La frontière au crépuscule - ou Chronique d'une mort annoncée

Pat Garrett et Billy le Kid s'inscrit à l'évidence dans la (grande) catégorie des westerns d'adieu au western. Cela dit, on n'a pas dit grand chose car on n'échappe pas aux stéréotypes, à deux niveaux avec Peckinpah - celui très général du western "crépusculaire", celui, propre à Peckinpah, du cinéma de la "frontière", " la prairie cadastrée, les pistes se terminant en cul-de-sac, l'avènement lugubre de la loi et de l'ordre." En réalité, derrière ces catégories très réductrices, on trouve des (grands) films dont les points de vue sont très différents, tous passionnants, Il était une fois dans l'Ouest évidemment, mais également John McCabe, et bien d'autres (L'Homme qui tua Liberty Valance, Cat Balloo ...) C'est la mise en évidence de ces différences, de ces grands écarts qui permet de percevoir l'originalité profonde du film de Peckinpah.
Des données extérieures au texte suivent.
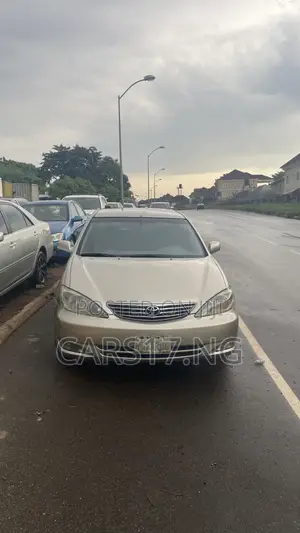 Toyota Corolla 2006 Gold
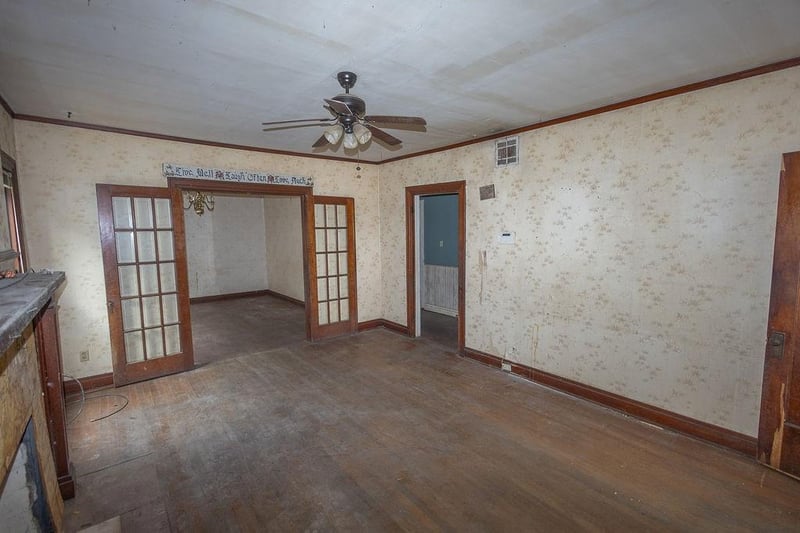 409 W 5th St, Coffeyville, KS 67337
Par delà l'évidence apparente, l'arrivée du progrès, de la civilisation dans le monde de la barbarie (à l'ouest de la Pecos River, dont le lit est d'ailleurs presque toujours à sec), les divergences sont grandes. John McCabe n'est pas un western d'adieu (même si la nostalgie reste omniprésente, c'est toute la contradiction magnifique d'Altman, massacreur tendre) : c'est une démystification de la mythologie de l'Ouest, le héros est un antihéros (encore que ...), les exécutants, les tueurs, terrifiants, sont en réalité des employés sans états d'âme, appartenant au monde de l'entreprise, à la limite ce n'est déjà plus un western - mais une dénonciation de l'Amérique contemporaine, de ses hommes d'affaires, de sa justice et de ses politiques.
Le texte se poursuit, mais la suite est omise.